C’est suivant ces raisonnements tordus que le MRAP porte plainte chaque fois que l’on critique les formes exacerbées de l’Islam, au risque de susciter, et de plus en plus largement, les réflexes carrément racistes d’une bonne partie de la population. Les jusqu’auboutistes du droit à l’expression engendrent le rejet bien plus sûrement que la critique des excès religieux. Exactement de la même manière que le slogan « égalité des chances », souvent ânonné par les mêmes, fabrique des inégalités à tour de bras.
Il s’est heureusement trouvé un second inspecteur, Alain Seksig, co-coordinateur de « L’Ecole face à l’obscurantisme religieux » (le rapport Obin commenté par une vingtaine de vrais militants des Droits de l’homme, dont votre serviteur, aux éditions Max Milo — indispensable), pour affirmer que la directrice avait raison : la mère d’élève n’intervenait pas en tant que telle (ce qui serait le cas si elle demandait un rendez-vous à l’institutrice de sa fille, par exemple, ou participait au Conseil d’école), mais au cours d’un exercice pédagogique — un cadre qui interdit l’ostentation religieuse. « La directrice a refusé que la maman porte son voile pendant la sortie, elle n’a pas refusé la personne en elle-même, c’est une nuance de taille », ajoute-t-il.

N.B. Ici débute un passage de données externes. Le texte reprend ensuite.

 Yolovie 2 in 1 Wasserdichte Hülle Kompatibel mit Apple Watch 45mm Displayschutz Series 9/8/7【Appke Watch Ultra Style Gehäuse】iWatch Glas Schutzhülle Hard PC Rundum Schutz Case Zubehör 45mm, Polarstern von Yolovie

Certes, souligne-t-il, encore si l’on en est à devoir expliquer ces nuances byzantines, c’est que la loi est restée floue, comme souvent. Cette même loi qui interdit les signes religieux à l’école, mais les autorise lorsque l’école (le collège, le lycée) devient centre d’examen, car elle rentre alors dans la loi commune des « espaces publics ».
Et si j’avouais que le voile islamique me gêne partout ? Si je répétais ce qu’a dit Jack Straw, ex-secrétaire au Foreign Office de Tony Blair, un Travailliste réputé pour son libéralisme et ses bonnes manières diplomatiques, qui a lancé sans préambule que porter un voile en Angleterre était une manière de signifier son refus de s’intégrer — quasiment une déclaration de guerre dans un pays qui est effectivement en guerre et a eu à souffrir du terrorisme ?
J’entendais hier une militante de Ni putes ni soumises, cette organisation de femmes qui font un boulot si remarquable, et souvent aux dépens de leur sécurité, affirmer que l’on ne porte pas impunément un hidjab. C’est une déclaration de foi jetée à la face d’un pays laïque. On est là très largement au-delà de la coutume. On est dans le défi.
Que certains, à gauche et à droite, ne le comprennent pas m’afflige. Parce qu’à force de tolérance, ils font le lit de toutes les intolérances.
C’est un débat qui a commencé à l’école — deux mois après le vote de la « loi Jospin » sur l’école, et ce n’est pas une coïncidence. C’est aujourd’hui un débat qui a envahi la rue, — pour le pire.
Si nous voulons ôter des arguments aux vrais racistes qui empoisonnent les esprits fragiles, il faut réagir, très vite, — au nom de la République.